(Supplied entries)

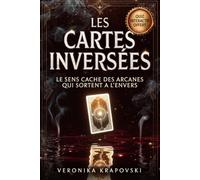 LES CARTES INVERSÉES Le Sens Caché des Arcanes qui Sortent à l'Envers: Méthode pour Lire Tous les Différents Tirages de Tarot, Même Renversé, Avec Confiance et sans Crainte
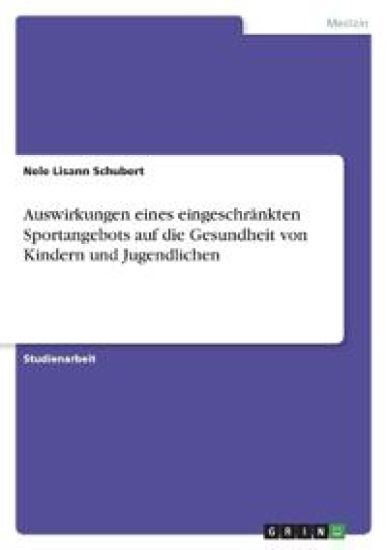 Auswirkungen eines eingeschränkten Sportangebots auf die Gesundheit von Kindern und Jugendlichen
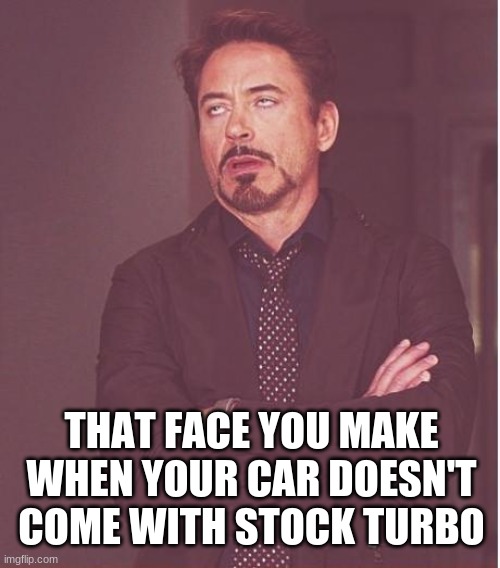 Face You Make Robert Downey Jr Meme | THAT FACE YOU MAKE WHEN YOUR CAR DOESN'T COME WITH STOCK TURBO | image tagged in memes,face you make robert downey jr | made w/ Imgflip meme maker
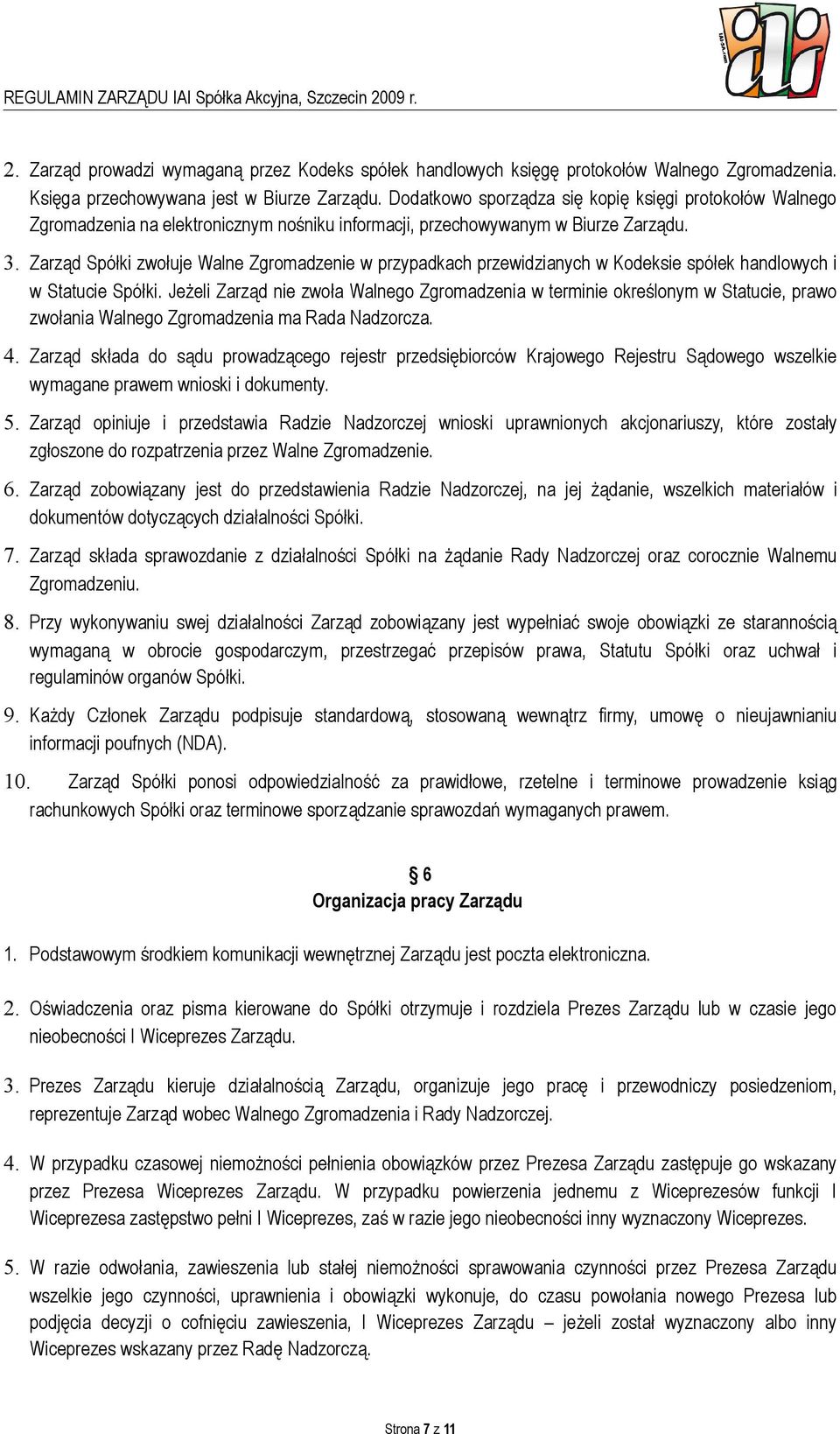 Zarząd Spółki zwołuje Walne Zgromadzenie w przypadkach przewidzianych w Kodeksie spółek handlowych i w Statucie Spółki.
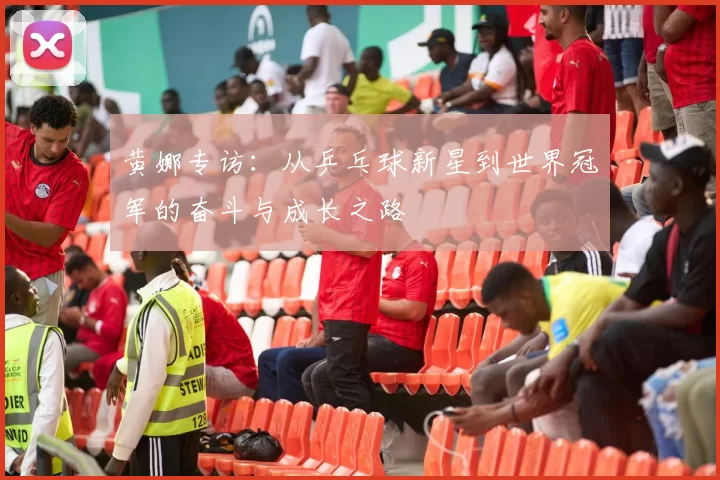 黄娜专访：从乒乓球新星到世界冠军的奋斗与成长之路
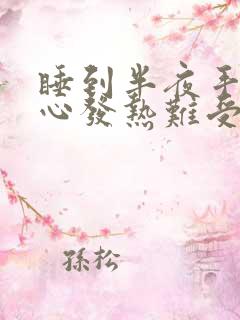 睡到半夜手心脚心发热难受睡不着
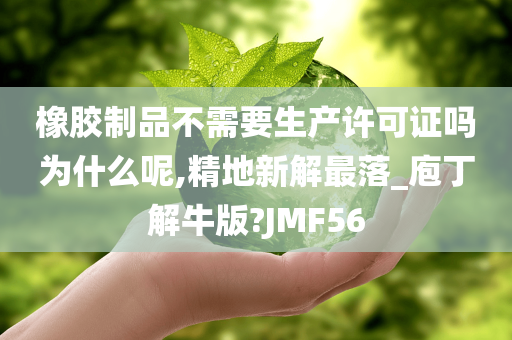 橡胶制品不需要生产许可证吗为什么呢,精地新解最落_庖丁解牛版?JMF56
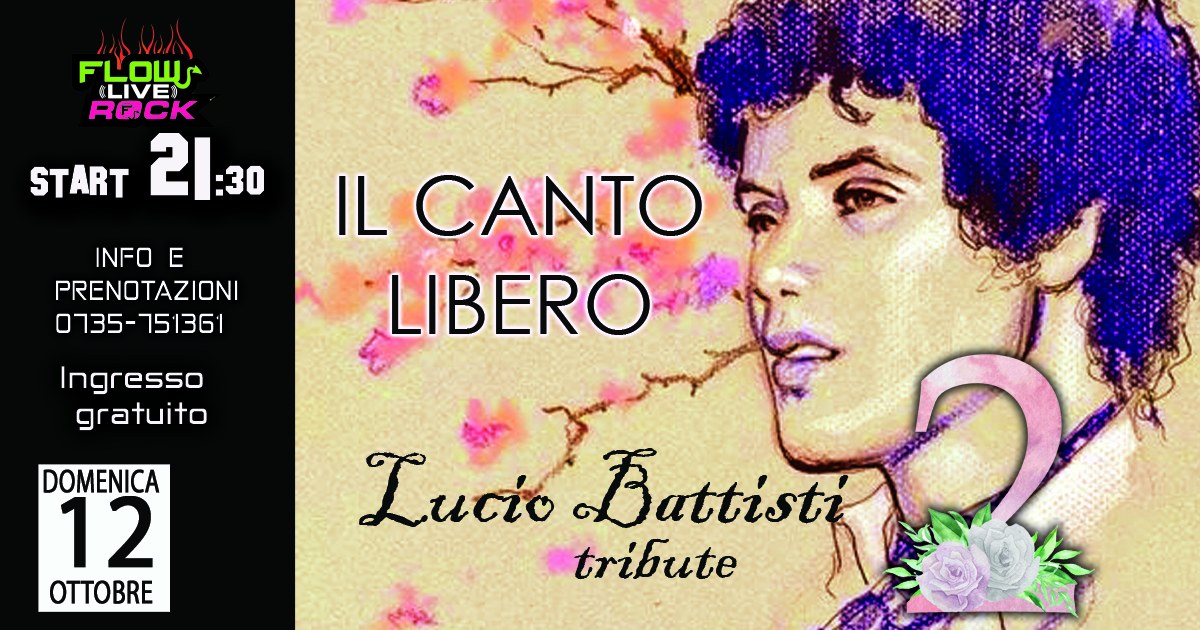 IL CANTO LIBERO tributo a LUCIO BATTISTI Potrebbe essere un contenuto di pop art raffigurante 1 persona e il seguente testo "FLOW CLIVE ROCK START 21:30 :30 INFO E PRENOTAZIONI 135-751361 LCANTO LIBERO Ingresso gratuito DOMENICA 12 OTTOBRE Lucio Battisti tribute"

(Task) Every line from the one containing "橡胶制品不需要生产许可证吗为什么呢,精地新解最落_庖丁解牛版?JMF56" to the end of the material above is to be returned exactly, with the pictures left out.

(Your response)
 橡胶制品不需要生产许可证吗为什么呢,精地新解最落_庖丁解牛版?JMF56
 IL CANTO LIBERO tributo a LUCIO BATTISTI Potrebbe essere un contenuto di pop art raffigurante 1 persona e il seguente testo "FLOW CLIVE ROCK START 21:30 :30 INFO E PRENOTAZIONI 135-751361 LCANTO LIBERO Ingresso gratuito DOMENICA 12 OTTOBRE Lucio Battisti tribute"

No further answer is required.